Dr. Vyas says if arterial blockages develop in the legs, symptoms typically occur with activity and go away within a few minutes of rest. Signs of a chronic blocked artery in the leg may feel like pain in the calf when walking, especially when going uphill. Symptoms of an acute, new blockage include sudden loss of sensation, numbness or severe pain in the leg or pale appearance.

These, too, are a medical emergency that requires urgent emergency room evaluation.

How Do You Test for Blocked Arteries?

Symptoms of blocked arteries determine how a patient is evaluated. In an acute event like a heart attack, Dr. Vyas lists several steps used to evaluate if a blocked artery is the cause. They include:

  • Electrocardiogram (EKG/ECG)
  • Lab tests for heart muscle damage
  • Stress testing
  • Invasive testing, such as coronary angiogram

A stress test may be done with exercise, such as walking on a treadmill, while technicians monitor the heart’s activity, or it may involve other methods. A coronary angiogram is done via catheter and uses X-rays to show blocked arteries from within the heart.

“In patients presenting with chronic symptoms, we often start with a stress test. If that’s abnormal, we may move to more invasive evaluation like coronary angiography,” Dr. Vyas says. “In some patients, a CT coronary angiography is useful as well.”

CT coronary angiography is a type of test that detects arterial blockages from outside the body.

For those with a family history of heart disease, Dr. Vyas recommends checking with their provider about a CT calcium score test, which estimates the amount of calcium buildup around the heart arteries. Those with higher numbers benefit from earlier, more aggressive medical treatment.

Testing for symptomatic blockages in peripheral arteries, those that carry blood to the rest of the body, is done using angiograms, ultrasound and CT scans.

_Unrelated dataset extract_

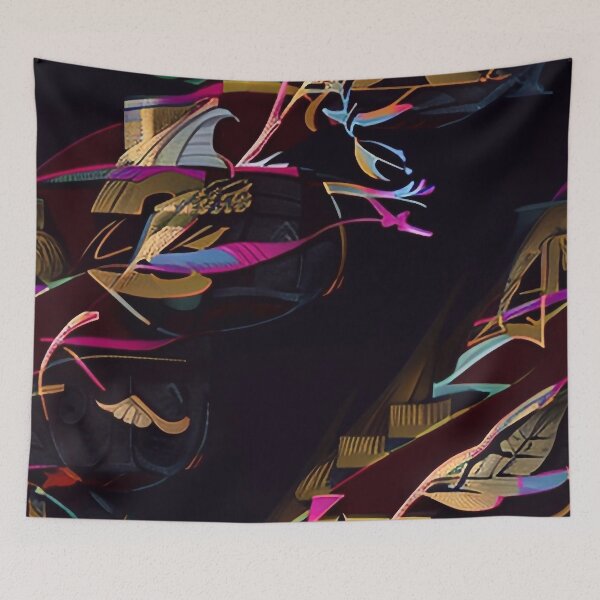 Item preview, Pictures of chicken feathers, wings  designed and sold by 1benjamah1136.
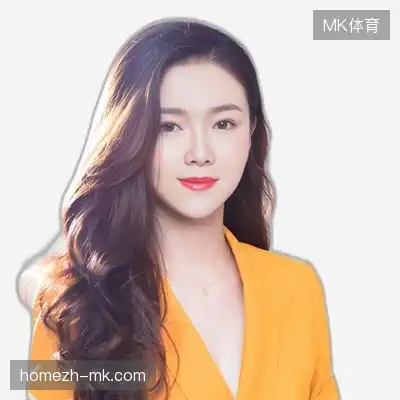 顾志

How Do You Treat Blocked Arteries?

Treatment of arterial blockages depends on the presentation. You can live a long time with blocked arteries with appropriate management. They can often be treated without surgery, using minimally invasive procedures as well as medicine.

“Medication is the cornerstone of treating chronic arterial blockages involving the heart arteries,” Dr. Vyas explains. “The overall goal is to improve symptoms and reduce long-term risk of heart attacks. Medical therapy has been effective for both.”

He says medications can prevent clots, improve blood flow, reduce cholesterol plaque buildup, slow heartbeat, lower blood pressure, reduce stress on the heart and improve cardiac healing.

“Medications that lower cholesterol, especially statins, are some of the most effective medical tools to reduce long-term risk of heart attacks,” he points out.

For patients with chronic blocked arteries who remain symptomatic despite medical therapy, or who have high-risk findings on stress testing, Dr. Vyas says invasive treatment and stent placement are options. In some high-risk cases with extensive blockages, coronary artery bypass surgery may be considered.

“In acute blockages, medications are essential, but procedures are often required,” Dr. Vyas describes. “For someone who presents with heart attack symptoms, they typically need invasive therapy – urgent coronary angiography, heart catheterization and stenting.”

Treatment for blocked arteries in the legs or peripheral arteries may, again, include invasive procedures as well as medical therapy, depending on symptoms and clinical presentation.

What Can You Do to Avoid Blocked Arteries?

Because there’s no cure for blocked arteries, Dr. Vyas stresses managing risk factors.

“Putting in a stent doesn’t reduce the risk of future problems,” Dr. Vyas emphasizes. “The main way to reduce the long-term risk of arterial blockages – especially to prevent a heart attack and stroke – is to reduce risk factors. Making lifestyle modifications and aggressively treating contributing factors such as diabetes, high blood pressure and high cholesterol are essential.

“Routine physical examinations with primary care providers are an important step in helping reduce these risk factors and are the foundation of long-term health.”